CVA’s were introduced as a flexible option in cases of companies facing insolvency, and allow a company to restructure its debts and liabilities while it continues trading. The key point at issue is that CVA’s should benefit creditors as a whole, rather than prioritising one creditor over another.
This can be a particular problem for Landlords of which a group in the recent case of Discover (Northampton) Limited and others v Debenhams Retail Limited and others  EWHC 2441 (Ch) expressed they felt poorly treated under a CVA with Debenhams.

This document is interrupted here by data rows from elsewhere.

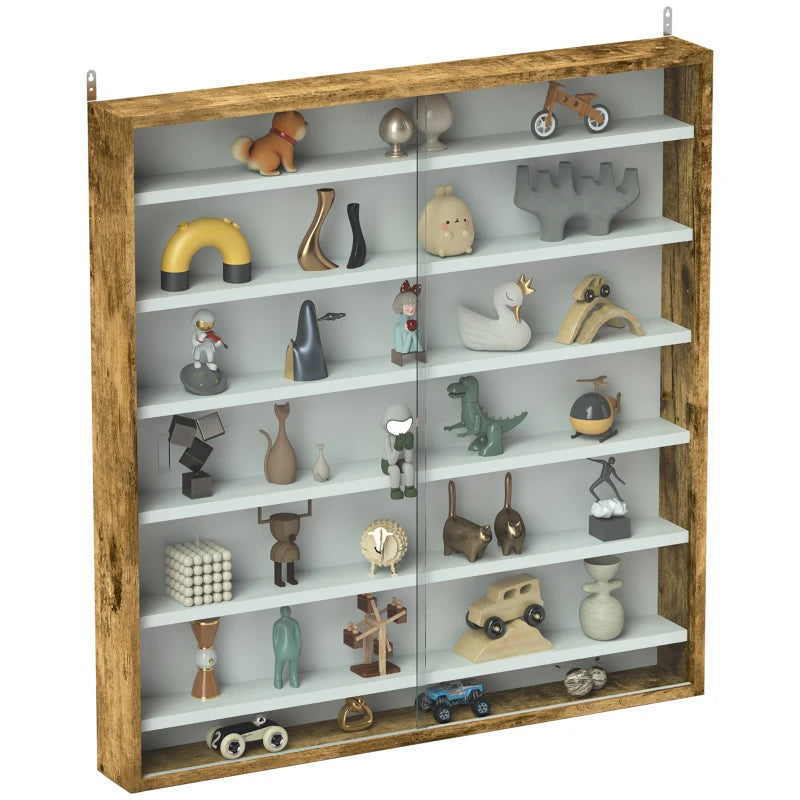 7-Tier Display Cabinet, Shot Glass Display Case, Glass Curio Cabinet with 2 Glass Doors and 6 Adjustable Shelves, Rustic Brown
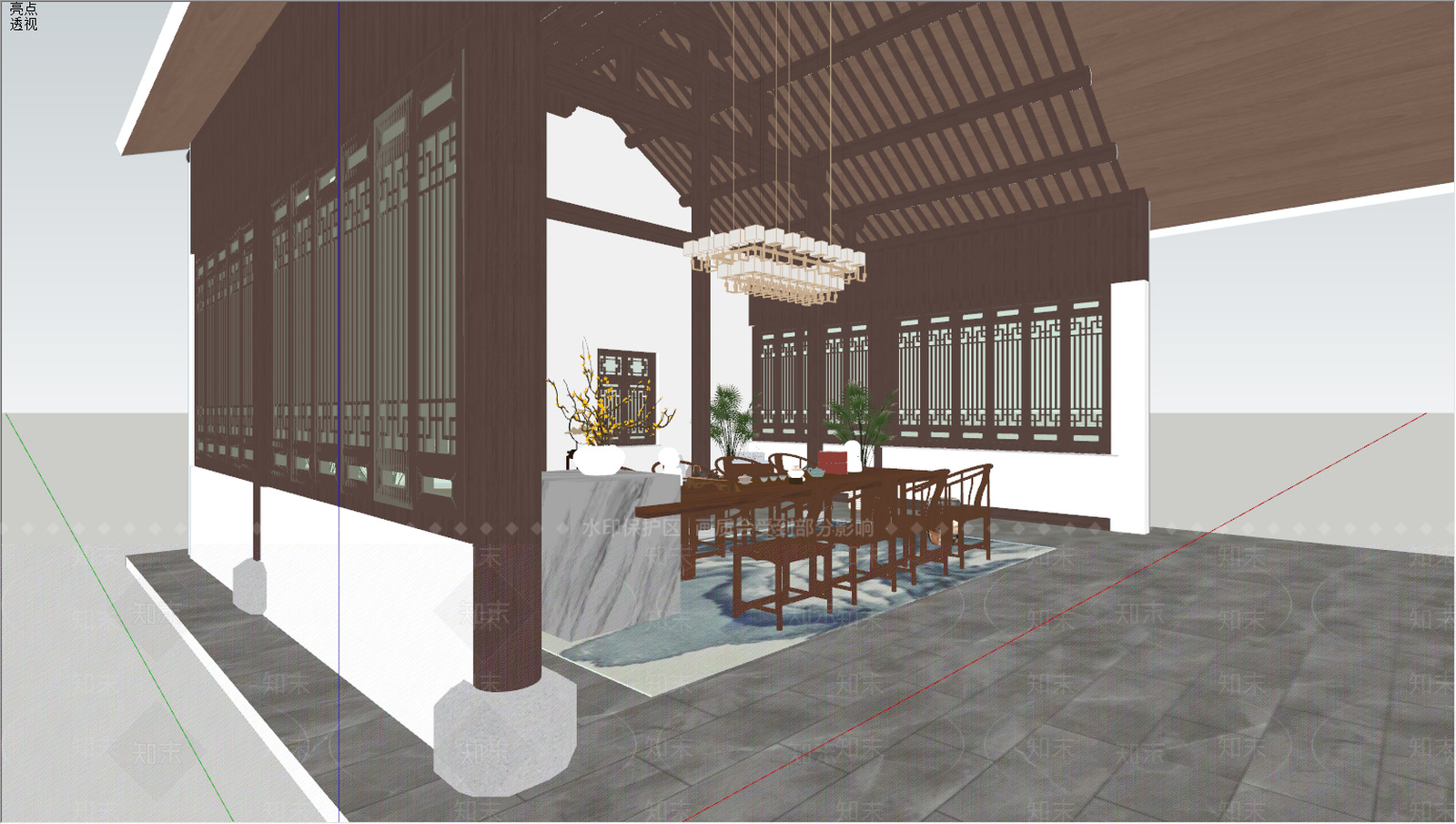 新中式风格公司休息区SU模型下载【ID:174568113】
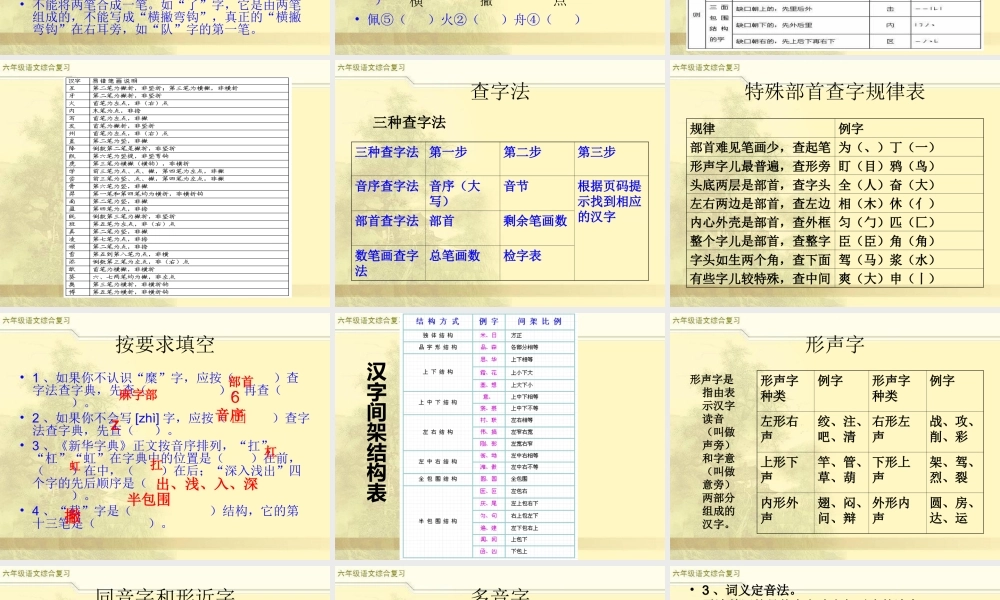 2025六年级小升初语文综合复习 课件之汉字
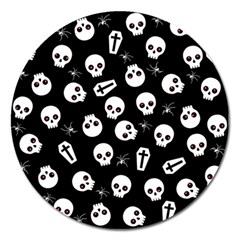 Skull, Spider And Chest  - Halloween Pattern Magnet 5  (round) by Valentinaart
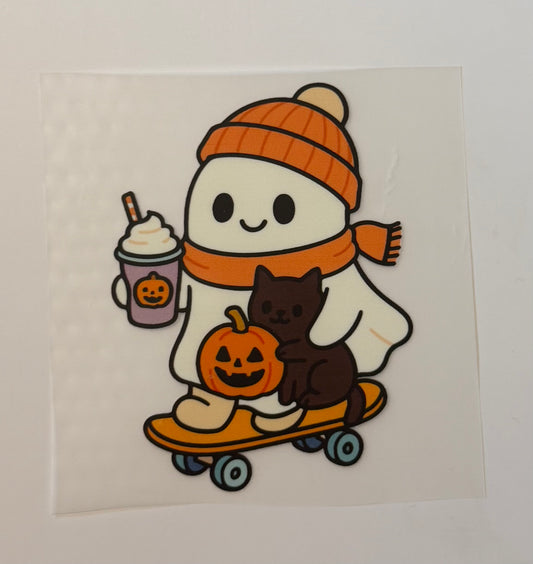 Skateboarding Ghost with Pumpkin Spice, Cat & Pumpkin Heat Transfer – Halloween Iron-On DIY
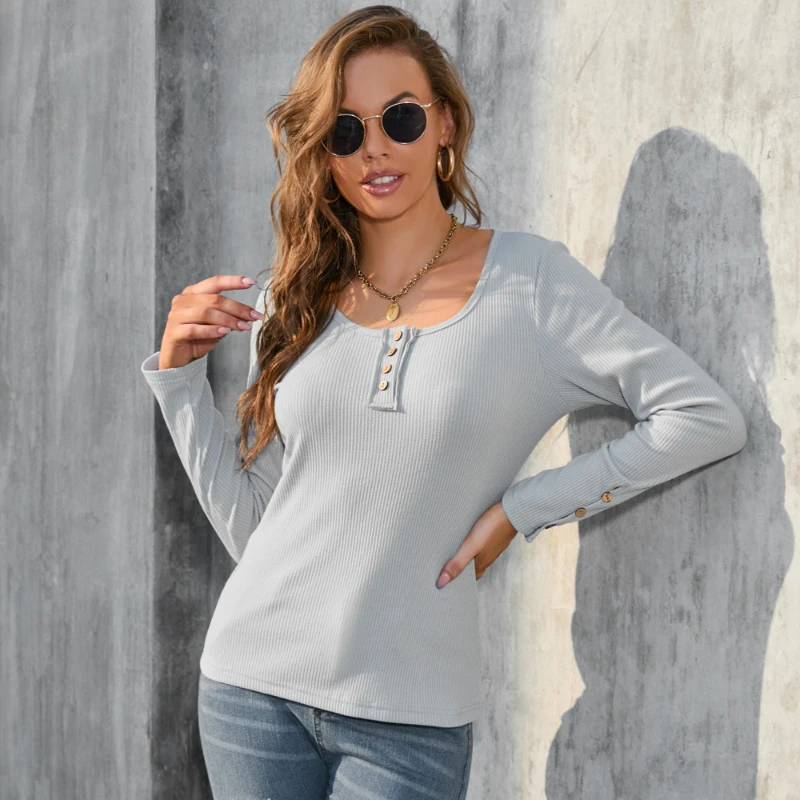 Large Casual Round Neck Long Sleeved Solid Color Base Coat for Women Slim Fit and Simple Casual Long Sleeved T-shirt Top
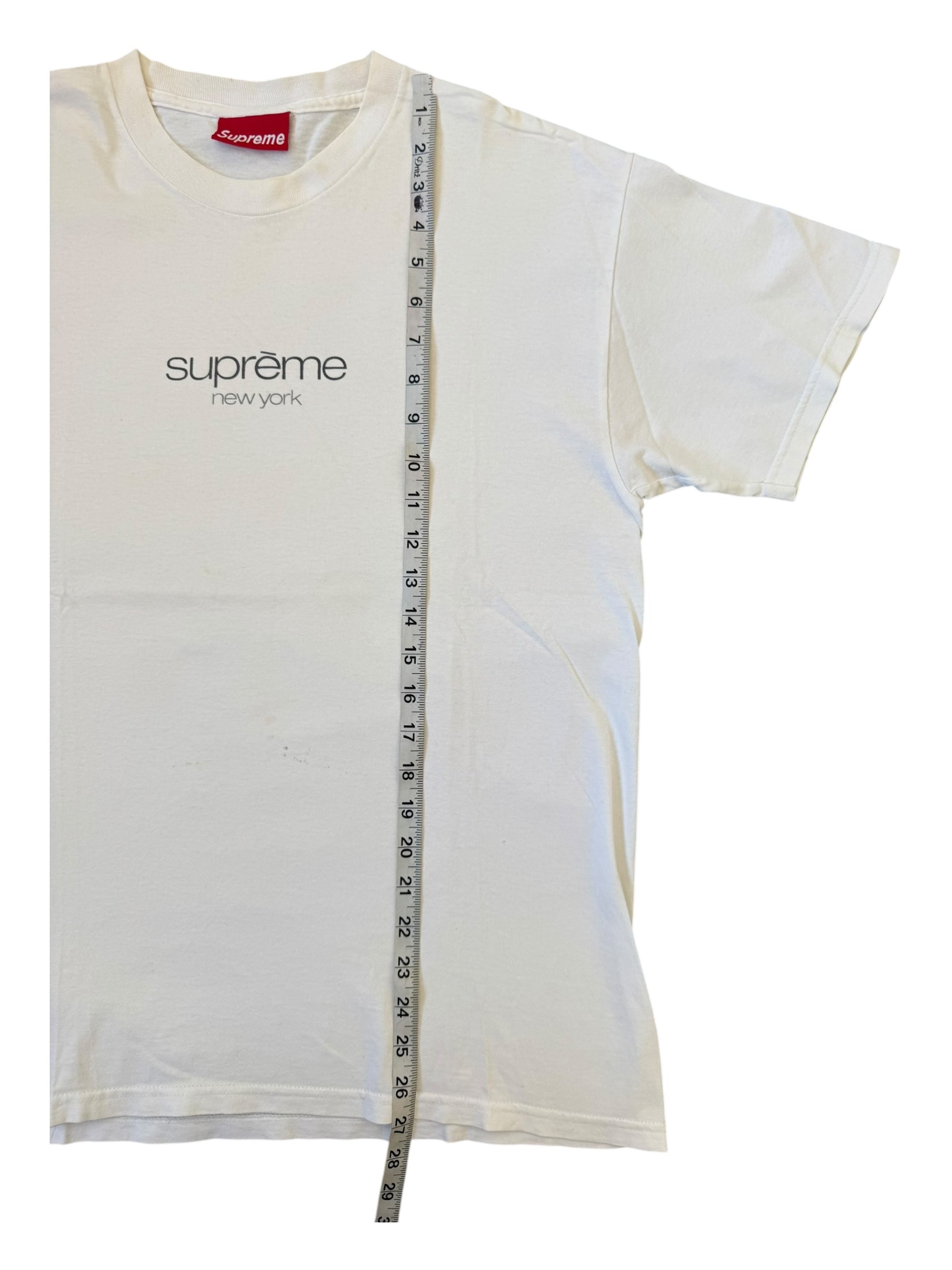 Supreme 90s Shop Logo New York White T-Shirt Size Medium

In this particular instance the CVA was approved on 9 May 2019 by almost 95% of creditors, but a small selection of Landlords considered the terms of the CVA to unfairly prejudice them. This was due to provisions such as a reduction in rent, prohibition on a landlord to exercise a right of re-entry (forfeiture) and a release of Debenhams from liability under dilapidations claims.
Some Landlords therefore feel the result of these provisions which could hit the value of their asset, and significantly reduce the contractual return for the premises agreed at the start of the lease, to be unfairly prejudicial to them.
In the Debenhams case the CVA was opposed on five grounds, and although the ‘unfairly prejudiced’ ground failed to strike down the CVA in this instance, the court gave guidance on what it actually means for a Landlord to be unfairly prejudiced.
Two tests need to be considered to prove a CVA is unfairly prejudicial.
A test that compares the projected outcome of the CVA with the projected outcome of a realistically available alternative process (e.g. liquidation). This test serves as setting the ‘lower boundary’ below which a CVA cannot go.
A test that asks if the treatment of the different creditor groups is fair. As the purpose of a CVA is to benefit creditors as a whole, a reduction of rent to a Landlord will not automatically make the CVA unfair. However, this treatment must be justified on the particular facts of each case.
From the above we can see a balancing act taking place of Landlord and other creditor’s interests. However, an important qualification to note from the Debenhams case if you are thinking of entering a CVA as a Landlord is that you should receive at least the market value of the property you are providing, and should not have to subsidise other creditors or be overcompensated by them.
It therefore appears on the basis of the Debenhams case that whether a Landlord considers a reduction of rent to market value as being unfairly prejudicial to them, is nothing less than a moot point and nothing more.